20 anos desde a cisão no Comitê
Internacional
Considerando a questão do socialismo em um só
país contra a revolução permanente estamos
tratando dos próprios andaimes teóricos do movimento
trotsquista. A questão teórica essencial que nasceu
na luta entre estas duas perspectivas opostas apareceu não
só na segunda metade da década de 1920, quando Trotsky
conduziu a sua luta histórica contra a burocracia stalinista.
Mas, além disso, a mesma questão sempre ressurgiu
nas lutas posteriores dentro da própria Quarta Internacional
e desempenhou ali também papel fundamental.
Comecemos abordando a questão a partir do nosso próprio
movimento. Hoje, passaram-se vinte anos desde que o Comitê
Internacional da Quarta Internacional (CIQI) rompeu com a
direção da seção inglesa, aquela do
Workers Revolucionary Party (WRP) [1].
O próprio significado daquele rompimento somente pode
ser compreendido se partirmos da compreensão da luta originária
do Comitê Internacional. O CIQI foi fundado em 1953, na
luta contra o revisionismo pablista, tendência criada por
Michel Pablo.
O ICQI, na época de sua fundação, se opôs
veementemente à tese desenvolvida por Pablo e seus partidários
de que o stalinismo era capaz de uma auto-reforma e também
se opôs à tese de que o stalinismo poderia desempenhar
ainda qualquer papel revolucionário.
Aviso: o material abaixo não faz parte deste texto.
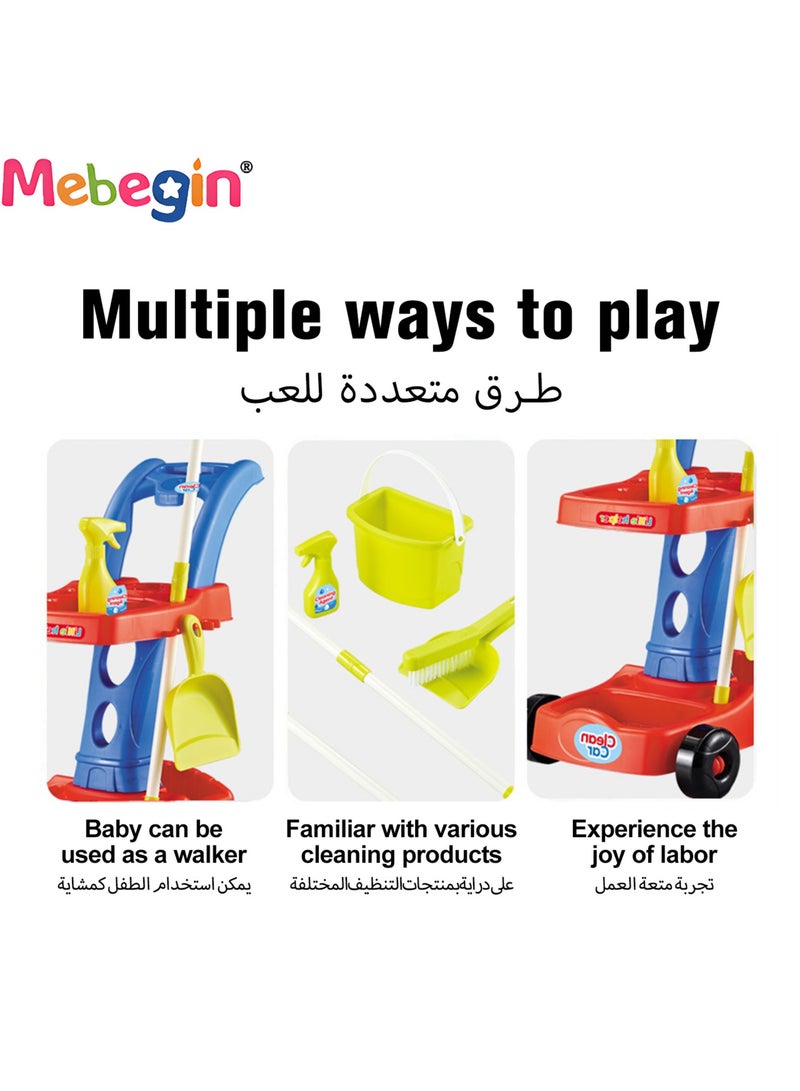 8PCS Cleaning Set for Kids, Simulation Cleaning Tools, Detachable Housekeeping Cart with Broom, Dust Pan and Spray Bottle, Creative House Cleaning Tools, Ideal Gift for Kids Aged 3+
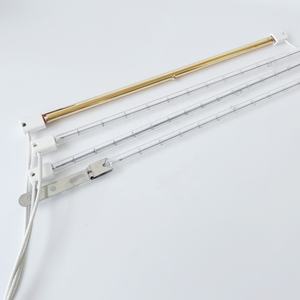 Fio de resistência à impressão de tela de vidro do elemento 380V 1500W do aquecedor do IR do quartzo do tubo gêmeo do revestimento do ouro - Product Image 4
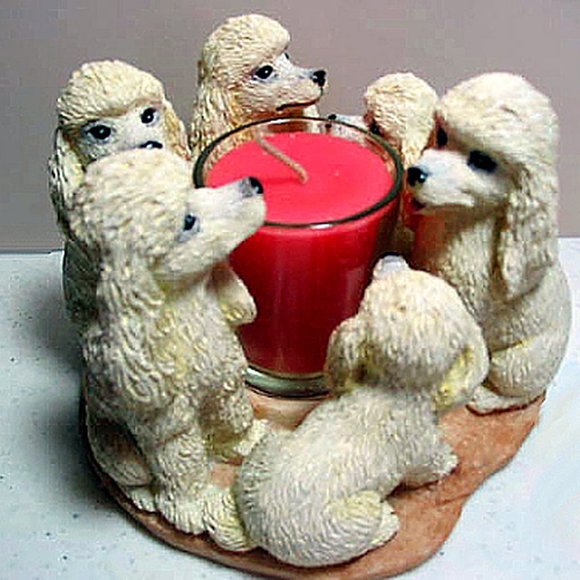 NEW White Poodle Circle True Friends Candle Holder Handpainted Ceramic NIB - Picture 1 of 4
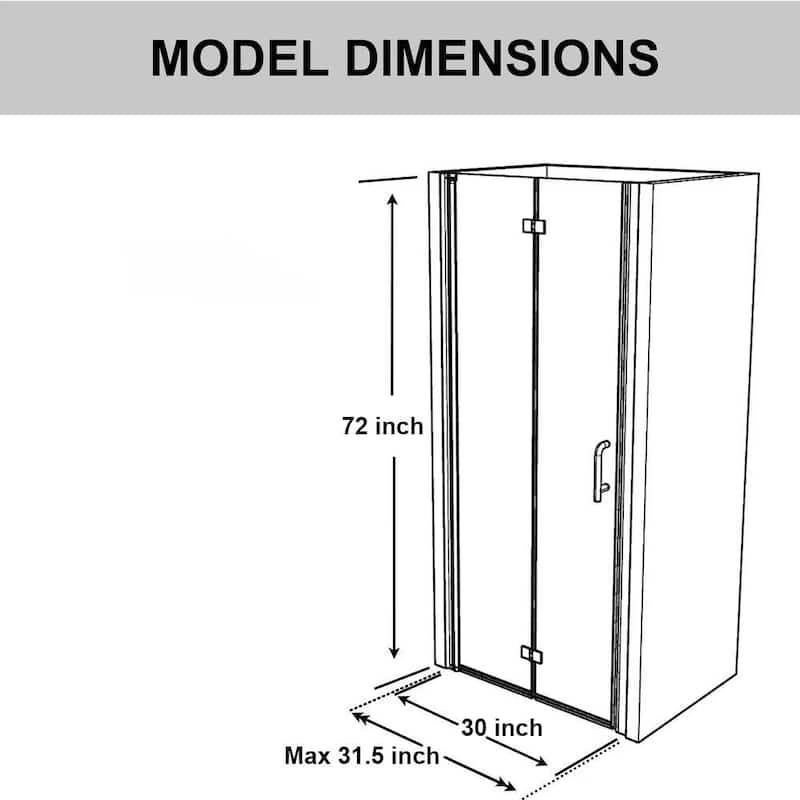 72"H 30"/32"/34"/36"W Adjustable Width Semi-Frameless Pivot Shower Door with Reversible Installation - 72"x30" - Chrome
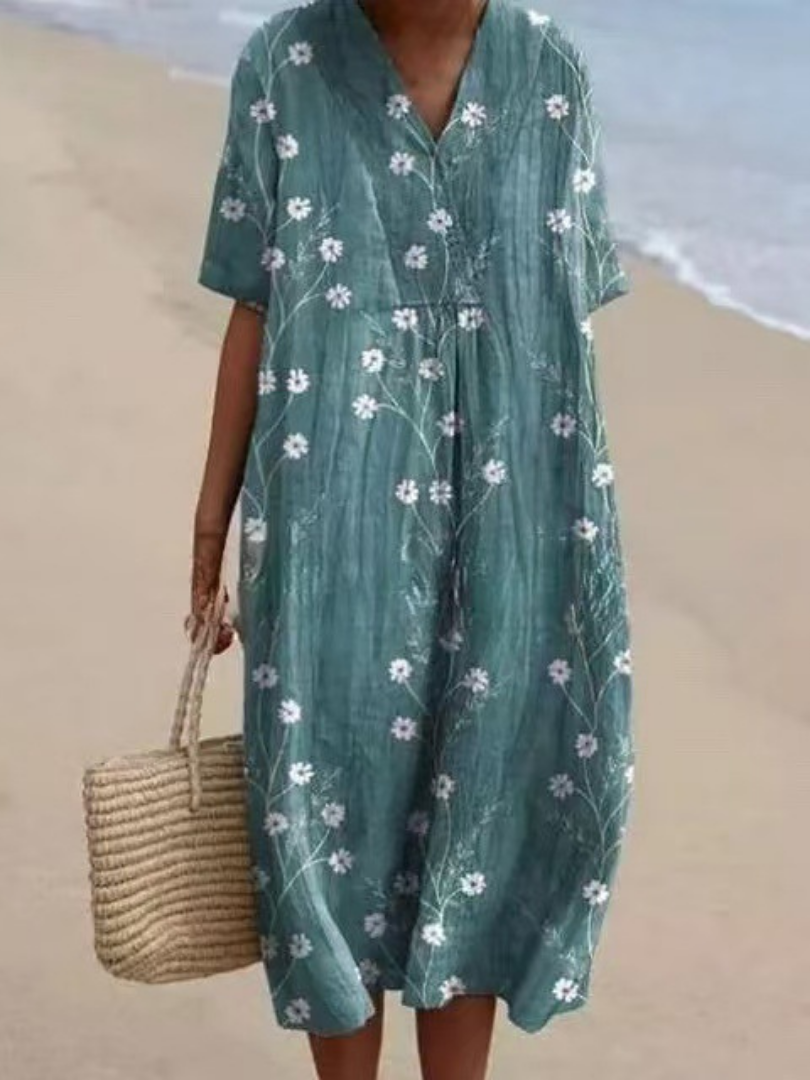 Women's Short Sleeve Floral Midi Dress – Relaxed Fit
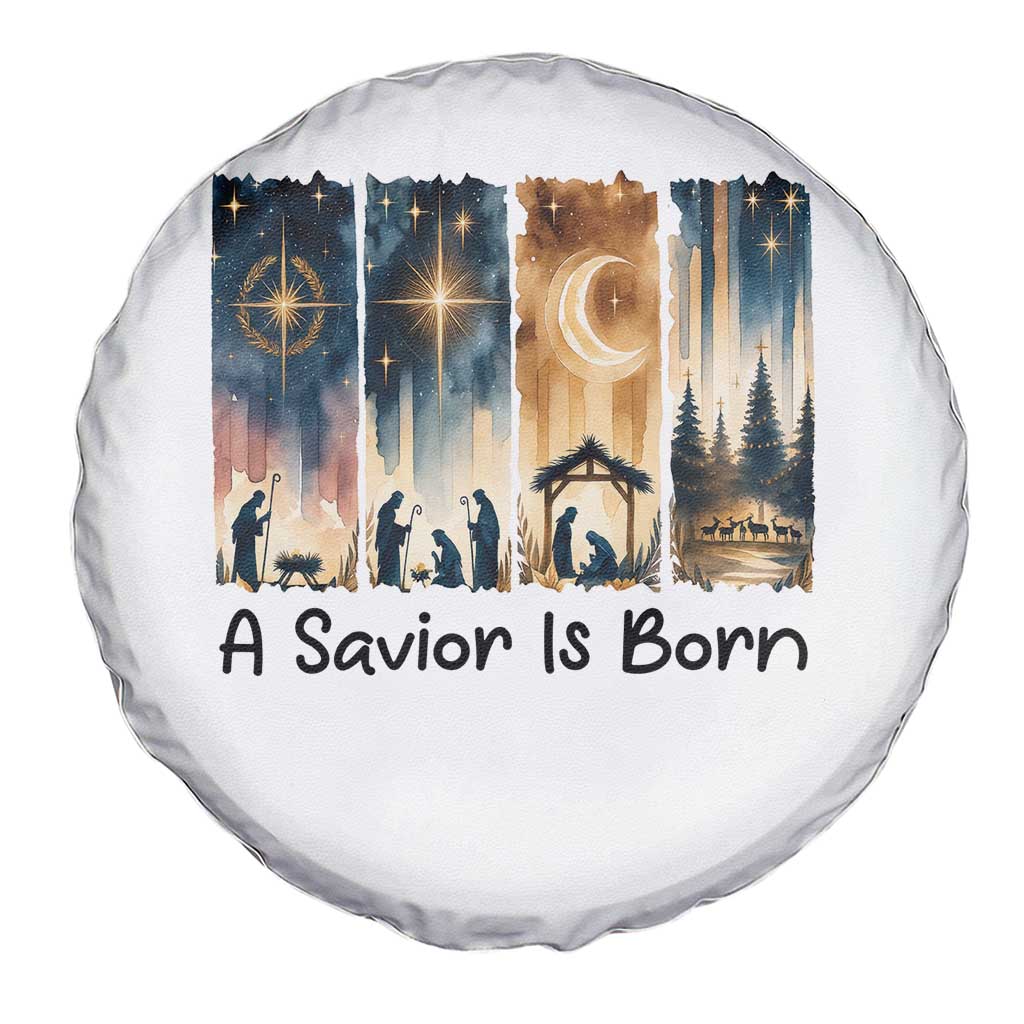 Christian Christmas Spare Tire Cover A Savior Is Born Jesus Nativity Scene TS11 Print Your Wear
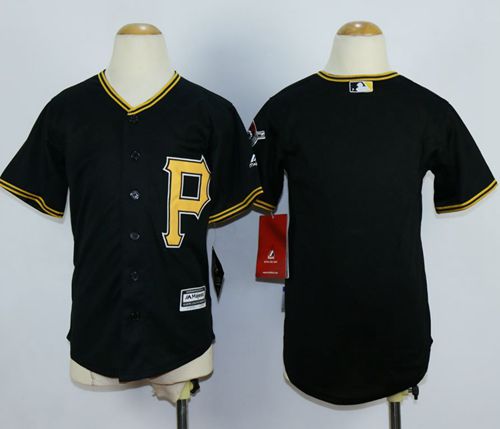 Pirates Blank Black Cool Base Stitched Youth MLB Jersey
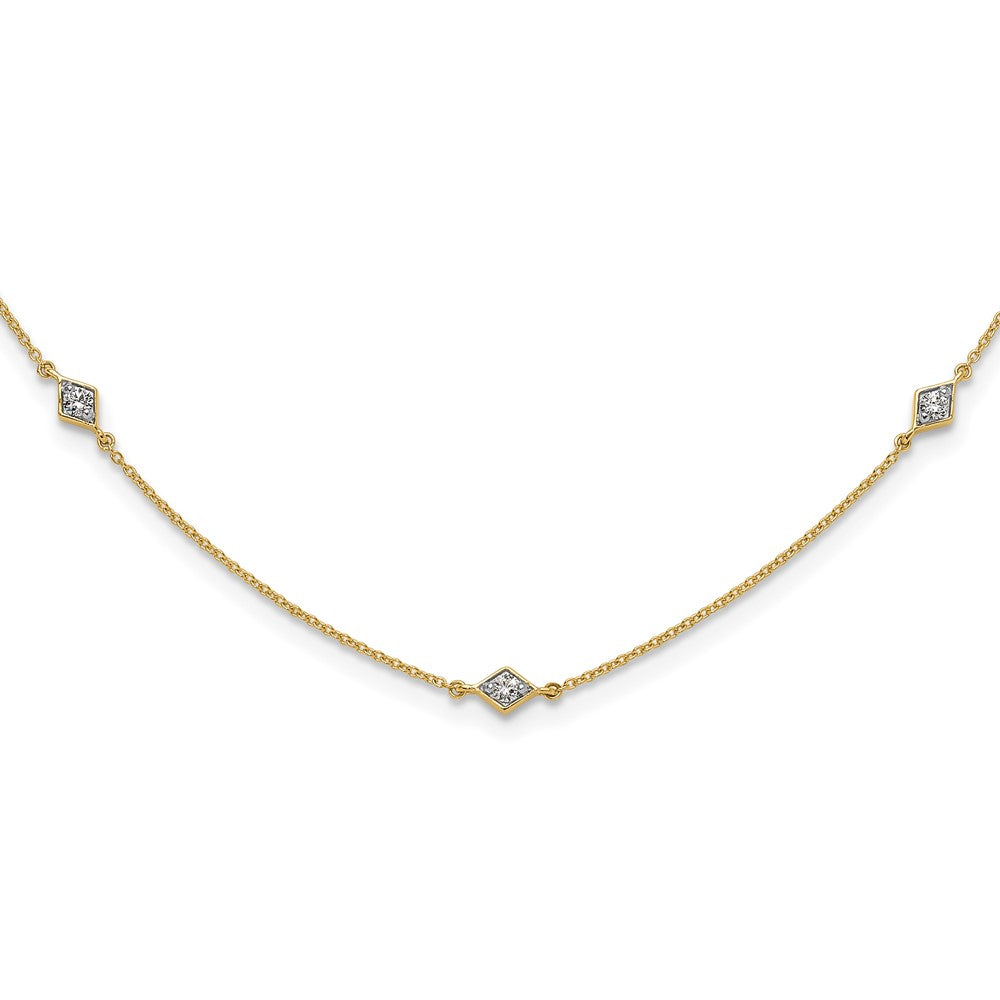 14K Gelbgold Echt Diamant Multi Station Halskette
Do mesmo modo, o CIQI
recusava, com isto, a concepção pablista relacionada
àquelas teses: a sustentação de que o nacionalismo
burguês nos países coloniais fosse capaz de comandar
a luta contra o imperialismo. A combinação dessas
teses pablistas, acima enumeradas, constituía uma perspectiva
de liquidação dos quadros historicamente reunidos
sobre a base da perspectiva revolucionária, a perspectiva
elaborada e construída por Leon Trotsky, quando fundou
a Quarta Internacional em 1938.
Em 1963, a direção da seção britânica
do CIQI então Socialist Labour League (SLL)conduziu
corretamente a luta contra a unificação do seção
americana, Socialist Workers Party (SWP), com a corrente
internacional dirigida por Pablo e Mandel [2]. Na época,
a seção americana se unificou com os pablistas [3].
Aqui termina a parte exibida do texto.